Awakening is not about challenge. The only way a veteran can possibly find it the least bit challenging is by switching to Hard or Nightmare. You don't have to be half the tactician you were forced to become during most part of the retail, even the bosses are easy. Only the very final boss was able to beat me up so bad that I needed to rethink my strategy, but I needed just one tiny smack to the head to realize what I was doing wrong - I killed the boss in one and a half minutes on the second try. I'm not saying I miss them, but the bosses in Origins... when I heard that I was supposed to enter an ancient catacomb to do battle with an army of Broodmothers in Awakening, I was shitting myself. Just one Broodmother was enough to make my life a living hell in the original game. It turned out I didn't even have to actually face this soft-spoken horde, all I needed to do was to fiddle with some ancient technology and dump a rock on 'em. The Archdemon in Origins - I couldn't even kill him on the first playthrough before changing the difficulty setting, I had jumbled my characters up so bad I couldn't maintain control. I admit it. There's nothing like the most annoying Origins bosses in Awakening. Overall it's a quick, effortless errand to all who love Origins. Very entertaining, though, yes. It has a great cast of characters, maybe not worth the 40 sovereigns, but you must check it out if and when you buy the *sigh* Ultimate Edition.

Awakening offers eight new Trophies and Achievements to those interested in them. To acquire all of them, you need to finish the expansion twice, which isn't unreasonable at all, since you can make decisions just as freely as in the retail. In at least one case, the game seemed to make my decision for me, though; I was suddenly on a faction's shitlist for simply talking to a member of the opposing one. What's funny is that I killed that dude right after talking to him, after realizing where his loyalties lied. What bothered me most was that since Origins, I had built this particular character up to be a true believer in justice, a fine warrior. Now, he was hated all over a whole region. I really felt bad.

So, the conclusion? Let me paint an image. You've never played Dragon Age: Origins before, so you go out and buy the Ultimate Edition. You get the game, AND everything related to it in the same package for the price of the original retail, including Awakening. You're thinking Awakening is awesome. Well, some of us who were in more or less of a haste, we bought it for 40 bucks or euros. Think about it: would you have paid that much for THIS? We who did, did not quite get our money's worth. At least a little bit of more challenge wouldn't have hurt.

SOUND : 8.9


GameRankings: 80.77% (PC), 80.93% (PS3), 81.33% (X360)

Also sold as a separate retail package for all systems.
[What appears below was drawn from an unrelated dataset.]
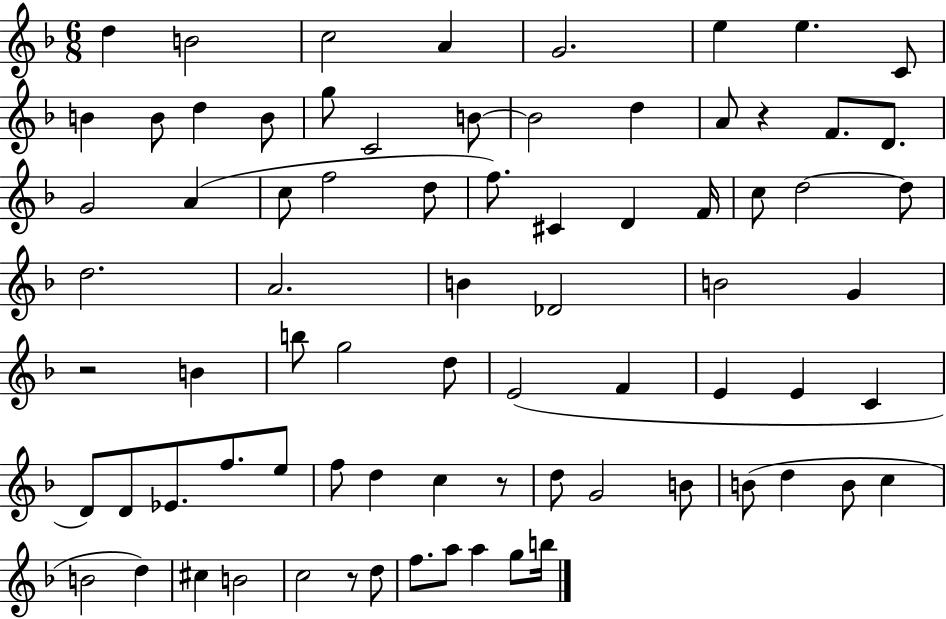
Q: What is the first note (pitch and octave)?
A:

The PS3 and Xbox 360 versions of the Awakening retail do not require the original Dragon Age: Origins to work.

2 kommenttia:

  1. Another good review.

    That bit with the factions happened to me too! I decided to be sneaky and *pretend* I would help efore killing them all in home base. The other faction (who I had killed the other group for) was mad at me for being manipulated by power or whatever. I was like "Dude ... do you not see that they are dead? I *pretended.*" le sigh.

    I did like the expansion for the most part. It felt a bit empty and easy, for the reasons you mentioned, but I liked it overall. The only thing I disagree with you is Wade. I never did his quests (like you said there is no reason for the fancy armor) but I would bring the main central component to him anyways. Wade is pretty adorable when he gets all excited and distracted from his work.

  2. I think the exact sentence was something like "You could've used your power to help this city, but you are nothing but a common murderer. I have nothing to say to you." Like... THANKS!

    I brought the main components to Wade, too. I got all the stuff he needed in one of the quests, but couldn't see what it was worth since I ended up... uh... you know. Not going to where I was needed.